APUNTE.COM.DO.- La victoria en casa tiene un sabor especial, y eso lo saborean los judocas dominicanos Ana Rosa, Esmeralda Damiano y Robert Florentino, quienes conquistaron la medalla de oro en los Juegos Centroamericanos y del Caribe Santo Domingo 2026. Los tres atletas compitieron con gran entrega, convirtiendo la presión de jugar ante su público en una energía imparable. Escuchar el himno nacional con la presea dorada y ver a sus familias celebrar en las gradas fue una experiencia inolvidable.

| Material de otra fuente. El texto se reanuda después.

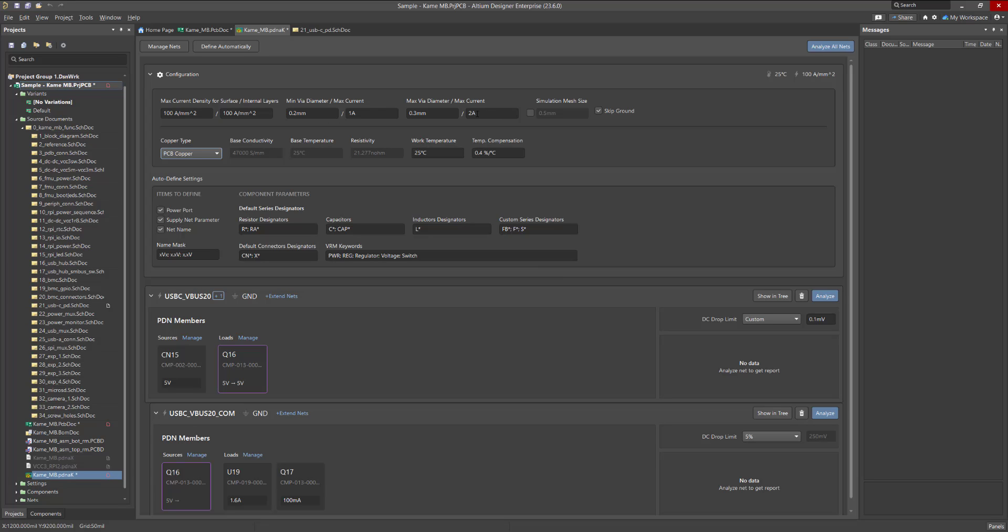The Power Analyzer will divide the PCB layout into meshes during the simulation process, and by default, it uses a dynamic mesh size. If you want to increase the simulation resolution, for example, to simulate a reference net that is represented by a large polygon, you can specify a custom mesh size. But note that the smaller the size, the longer the simulation time.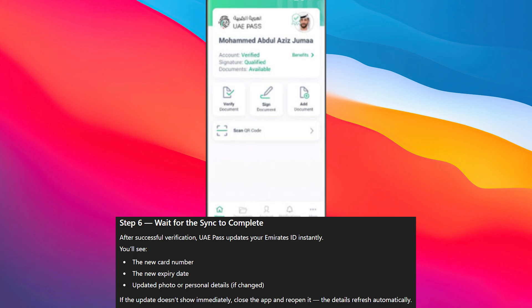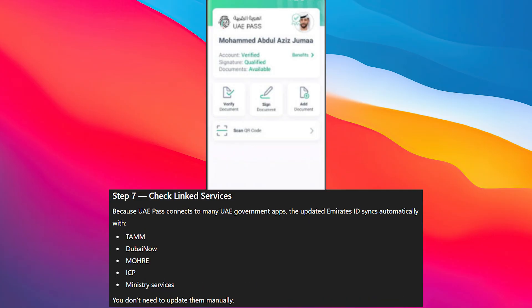Because UAE Pass connects to many UAE government apps, the updated Emirates ID syncs automatically with TAMM, DubaiNow, MOHRE, ICP, and Ministry Services. You don't need to update them manually.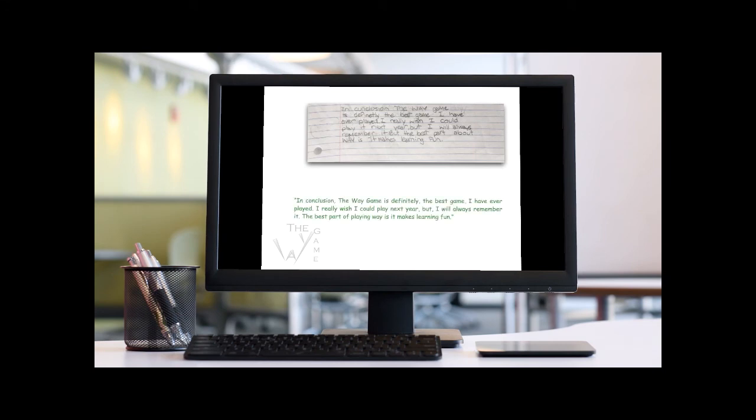In conclusion, the Way game is definitely the best game I have ever played. I really wish I could play next year, but I will always remember it. The best part of playing Way is it makes learning fun.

Ana Rosa, oriunda de San Francisco de Macorís, ya había ganado oro en los Juegos Panamericanos de Lima hace tres años, pero aseguró que este primer oro centroamericano en su país es inigualable. Además, fue la primera atleta en darle a la República Dominicana la medalla de oro, y recibió una llamada del presidente Luis Abinader mientras aún sudaba sobre el tatami.
“Me siento orgullosa de haber ganado mi primer oro centroamericano aquí”, destacó la atleta de 28 años, quien en San Salvador 2023 obtuvo bronce individual y plata por equipos. “Este triunfo lo comparto con mi familia, que siempre ha estado ahí en los momentos difíciles, con mis entrenadores, con mi federación y con el pueblo dominicano”, subrayó tras vencer en la final de los 57 kilogramos a la colombiana María Villalba.

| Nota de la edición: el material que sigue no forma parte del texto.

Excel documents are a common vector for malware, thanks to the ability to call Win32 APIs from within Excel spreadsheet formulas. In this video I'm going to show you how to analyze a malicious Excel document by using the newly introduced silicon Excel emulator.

Robert Florentino, de San Juan de la Maguana, relató que varios minibuses llegaron repletos de personas para presenciar su combate final de los 90 kilos, donde derrotó al puertorriqueño Derik Rodríguez. “El barrio completo estuvo ahí: mis amigos de infancia, los motoconcheros... todos estuvieron apoyándome”, declaró el atleta de 29 años, quien al igual que Rosa reside en España desde hace varios años para mejorar sus condiciones de entrenamiento.
“Yo no sabía que ellos venían, pero el trabajo de preparación estaba hecho. No tuve presión. Nada de nervios, al contrario, eso me dio más fuerzas”, enfatizó.
En tanto, Esmeralda Damiano, quien posee nacionalidades suiza, italiana y dominicana, debutó en unos Juegos Centroamericanos con una victoria contundente en la final (11-1) ante la venezolana Eliana Aguilar. Su triunfo fue celebrado con un estallido de alegría colectiva, y cada proyección suya fue impulsada por el aliento del público que la hizo sentir invencible.
“Lo mío es prácticamente dejar mi vida atrás, de Suiza, porque yo nací y viví 22 años ahí. Ahora tengo un año y medio residiendo aquí”, declaró Damiano, de 23 años, quien ha asumido con entusiasmo el cambio de vivir en República Dominicana, incluso disfrutó su primera experiencia en una “guagua voladora” (motocicleta), algo que para muchos locales es temible pero que a ella le resultó divertido.
Para estos tres atletas, el oro de Santo Domingo 2026 representa mucho más que un metal precioso: es el abrazo cálido de su pueblo, la recompensa al esfuerzo constante y el orgullo de haber defendido su tierra con determinación.